The beginning of Black presence in American film, started with the concept of "blackface". Instead of hiring Black actors to play Black characters, White actors would paint their faces black and accentuate their lips by covering them with bright red lipstick. Their outer appearance reflected White society's curiosity around Blackness. The concept of Blackness was initially used to ridicule African Americans, showing an imagined White superiority to Black people, but over time society became attracted to the controversial concept. Consequently, blackface became a popular fad in American culture.

==Poster art==
In the 1890s a new form of visual representation was introduced to American and international audiences. The high literacy rate at the beginning of the twentieth century caused the creation of advertising for newly animated films. The first forms of advertising were vividly colored crates or switchboards used to promote an upcoming film. Seen as a way to preview a story with visual highlights, these advertisements enticed viewers and attracted audiences to movie theatres. This concept created the modern day movie poster. The invention of the movie poster itself is attributed to a Frenchman named Jules Chéret. He applied a printing process called stone lithography for the creation of his poster. As film technology progressed, there became a need for more movie posters, and it became a standardized process used to promote every new movie. The General Film Company standardized the size of a film poster at 27 x 41, allowing the poster to fit within the glass casing outside theatres. This was called the "one sheet" poster. These posters included texts and images supplied by the movie production company. A constant dispute among associates in the production company was whether to showcase star actors on their movie posters. The producer's objective was to sell their product, the movie, through advertising. On the other hand, the stars demanded that these posters should be a reflection of them and their talents. Movie studios hired illustrators to produce posters that were artistic and inventive, constantly trying to find ways to appeal to the biggest audience. During the pre-television era of the 1950s, poster art became the typical medium for movie advertising, consisting of the desirable image of a movie star alongside text or other images explaining a part of the movie's story.

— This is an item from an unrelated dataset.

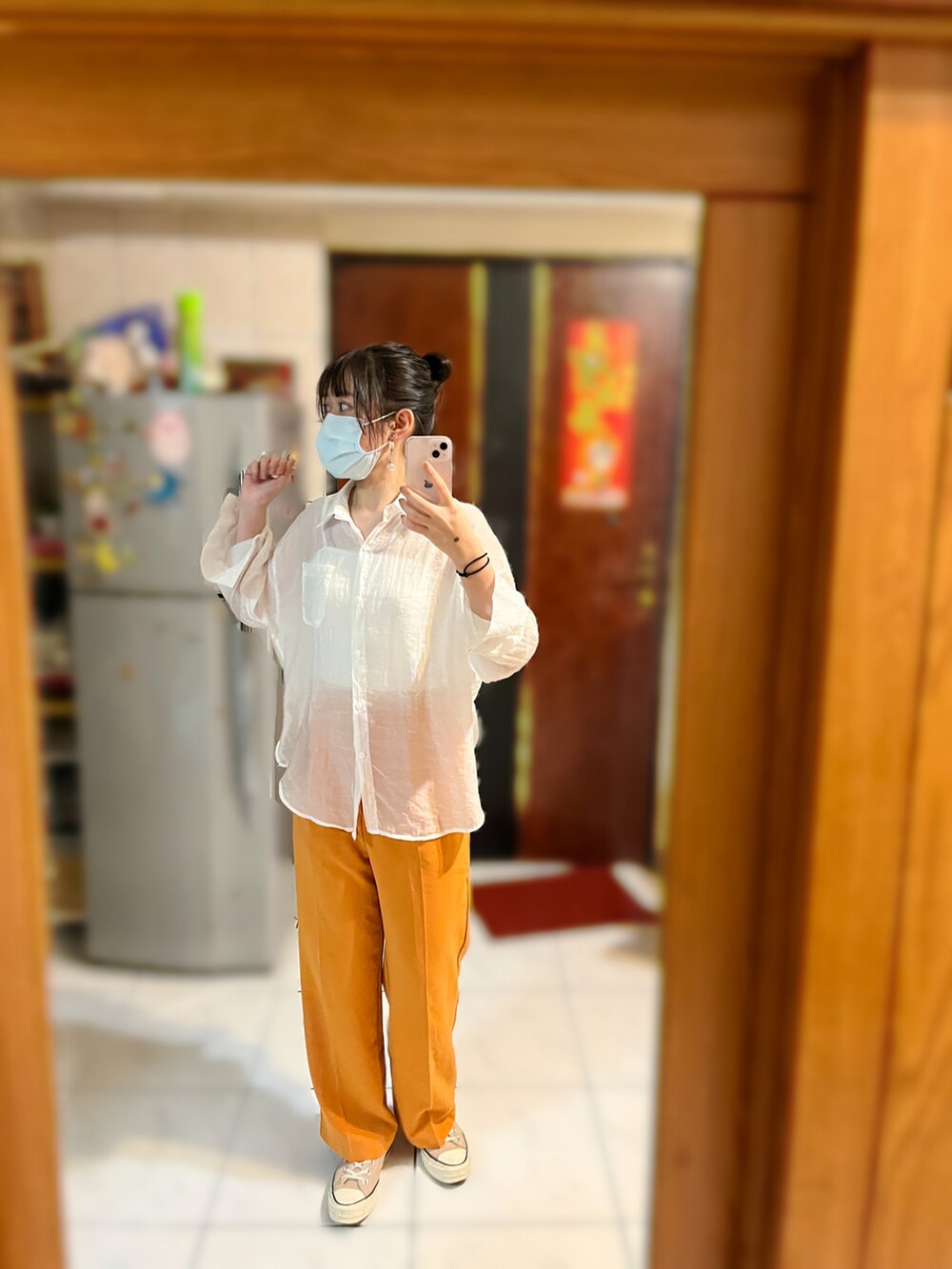 オレンジ系のスラックス、ホワイト系のシャツ/ブラウス、ホワイト系のチューブトップを着用したレディースの秋コーディネートの3枚目の写真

The portrayal of Black Americans on these movie posters was very different from that of White Americans. American posters tended to marginalize Black presence and limit romantic images between African Americans. However, foreign posters showcased African Americans more and highlighted their romantic roles.

Early American films were concerned with racial imagery. Some films made for Black audiences by White producers exhibited extreme racial stereotypes and caricatures. The "hero" of these films was often a White male of upper-class status. For instance, a poster for the Norman Studio-produced film Regeneration (1923) displayed a poster that was a preview for the movie but also reflected a societal stereotype. It showed a light-skinned White woman fearing the advanced of an intimidating dark-skinned man. This implied the threat of rape, which negatively portrayed the African-American man as an inherently malicious and predatory individual. These posters spoke to and perpetuated a social fear of Black people among White communities, and specifically a fear of Black male sexuality encroaching on the imagined purity of White women, and this dynamic and stereotype (sometimes referred to as "Mandingo") would continue on in various forms into the 21st century.

Yet, some studios created posters to rebut the negative images of African Americans. Some showed Black men as hardworking, which was atypical of Hollywood's defined image of the African-American male.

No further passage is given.